DATA TO PROCESS ▸
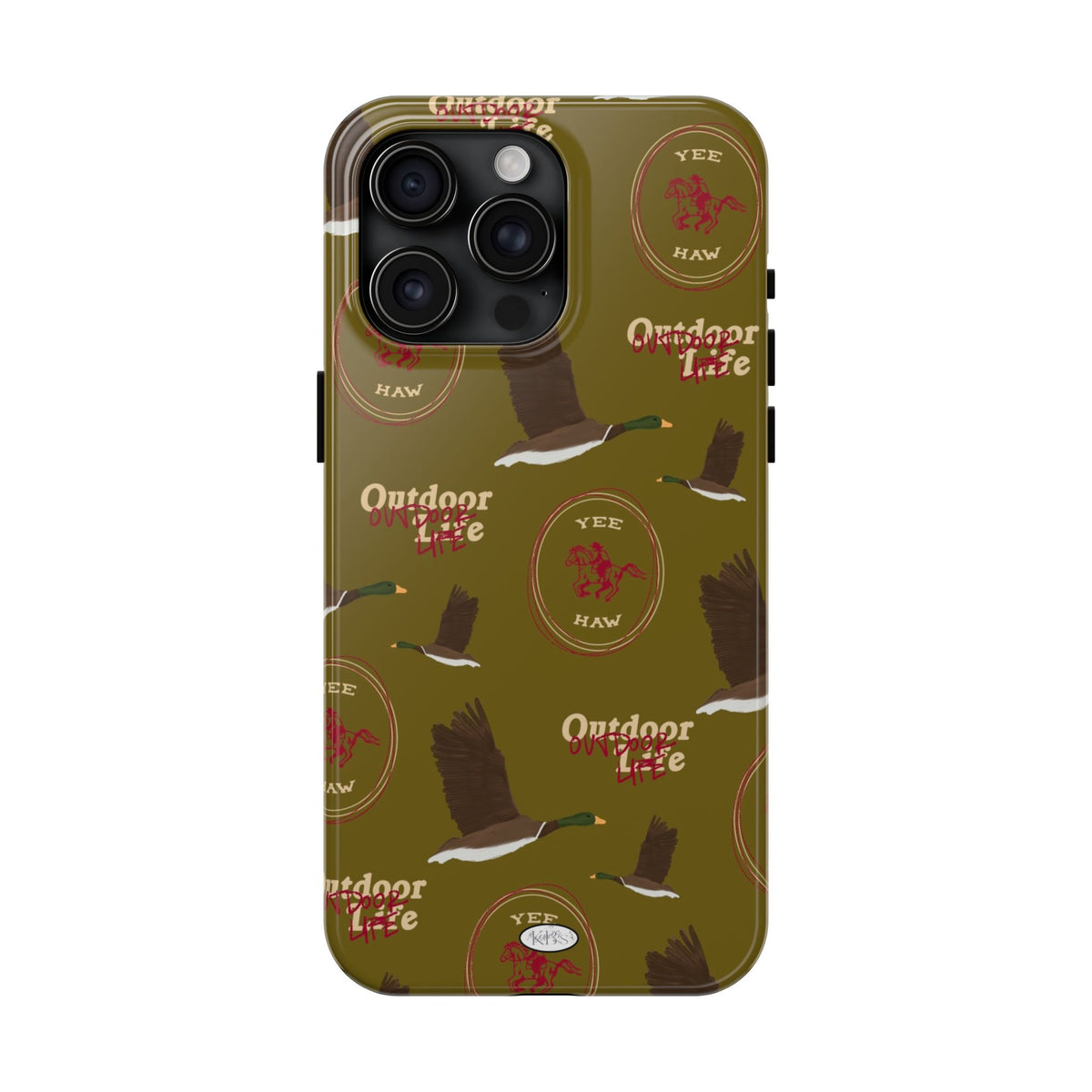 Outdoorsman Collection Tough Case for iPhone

...

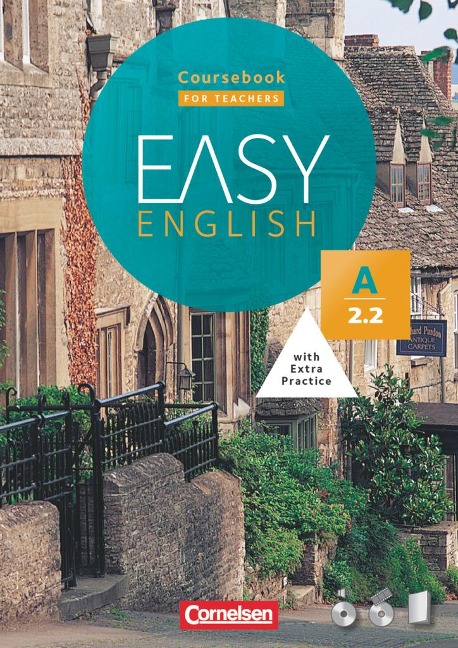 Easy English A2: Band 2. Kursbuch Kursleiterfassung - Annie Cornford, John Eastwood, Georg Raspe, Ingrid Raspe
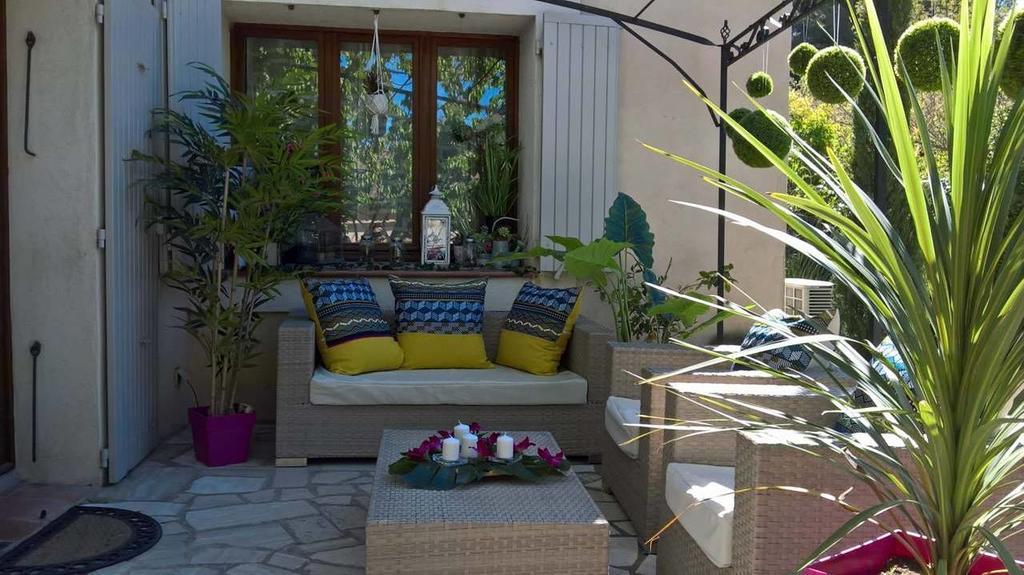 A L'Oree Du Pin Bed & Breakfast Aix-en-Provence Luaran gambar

TASK OBJECTIVE ▸ Copy the lines above exactly, starting at the one with "Easy English A2: Band" and ending at the one with "A L'Oree Du", both included. Leave out any pictures and add nothing else.

EXERCISE ANSWER ▸
 Easy English A2: Band 2. Kursbuch Kursleiterfassung - Annie Cornford, John Eastwood, Georg Raspe, Ingrid Raspe
 A L'Oree Du Pin Bed & Breakfast Aix-en-Provence Luaran gambar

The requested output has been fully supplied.